SAN FRANCISCO—Industrial giant Prologis Inc. on Tuesday posted second-quarter results that beat analysts’ estimates. The REIT reported core funds from operations of 48 cents per share, compared to the Zacks Consensus Estimate of 46 cents per share and Q2 2013′s figure of 41 cents per share. Its same-store NOI was up 3.8% from a year ago on the strength of higher occupancy and rental rates.

Occupancy as Q2 ended was up 90 basis points year over year to 94.6%. With 29 million square feet of leases signed during the quarter, Prologis saw GAAP rental rates increase by 6.6%, compared to 4% the year prior.

“We’re pleased to report a very strong quarter of financial and operating performance,” says Hamid R. Moghadam, Prologis’ chairman and CEO. “Our results reflect high occupancy levels with strong growth in rental rates, above average development margins and increased earnings from our strategic capital business.”

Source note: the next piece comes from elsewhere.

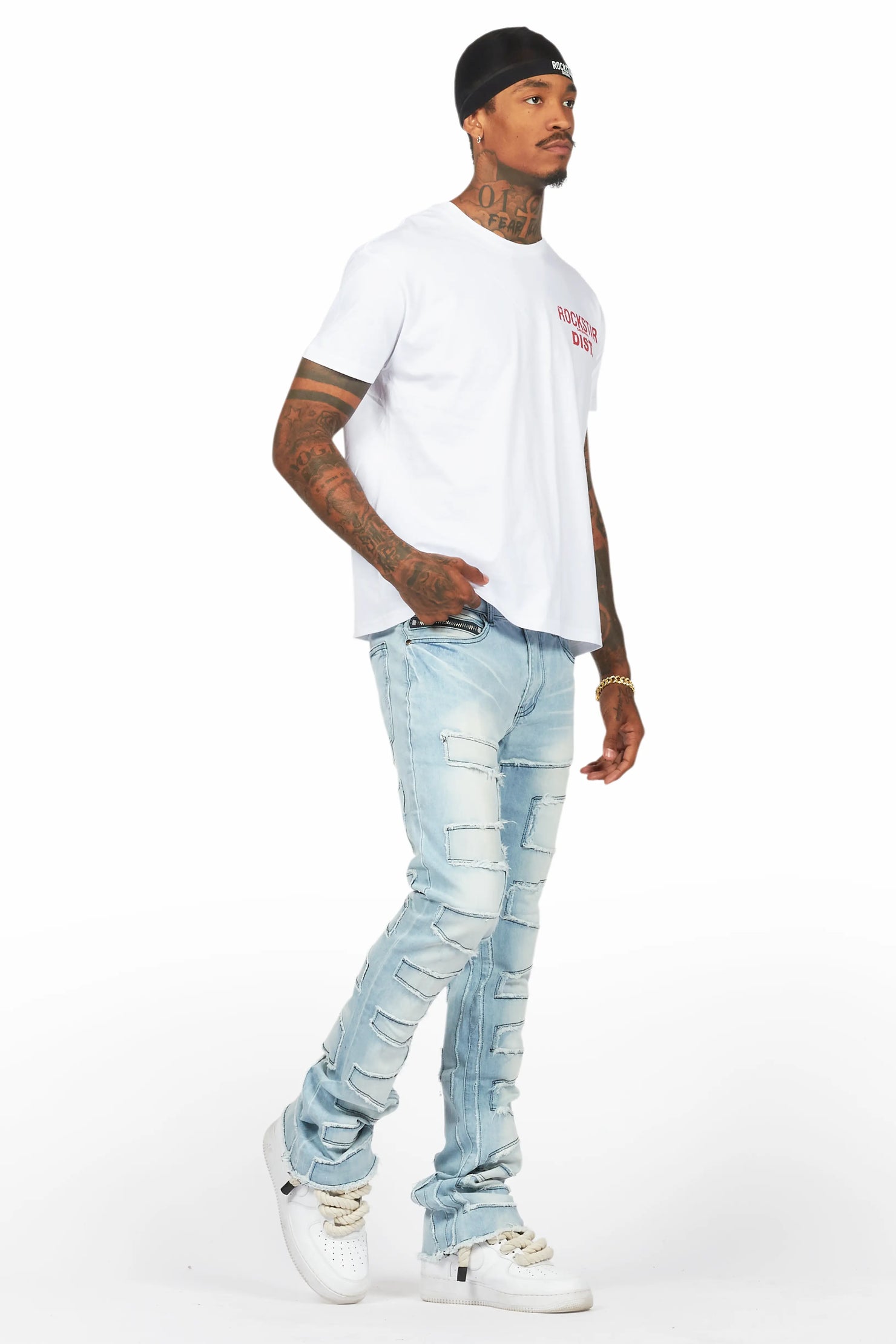 Lake White/Red T-Shirt & Shake Stacked Flare Jean Bundle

Accordingly, Prologis is raising its full-year 2014 core FFO guidance range to $1.82 to $1.86 per diluted share, up from $1.76 to $1.82 per diluted share. The company also expects to recognize net earnings, for GAAP purposes, of $0.20 to $0.24 per share for the year.

In a REIT sector report issued on Monday, before Prologis reported its Q2 results, Barclays Capital maintained an “overweight” rating on the REIT’s stock, while also projecting a favorable long-term outlook for industrial real estate trusts. “According to CBRE, US industrial availability tightened 30 bps sequentially to 10.8% in 2Q14, marking the 16th consecutive quarter of improvement,” the report states. “Looking ahead, we think demand for industrial space will continue to be driven by steady economic growth, reconfiguration of the supply chain to cater to e-commerce/same-day delivery, acceleration in global trade, property obsolescence and limited supply,” especially for facilities that are larger and taller.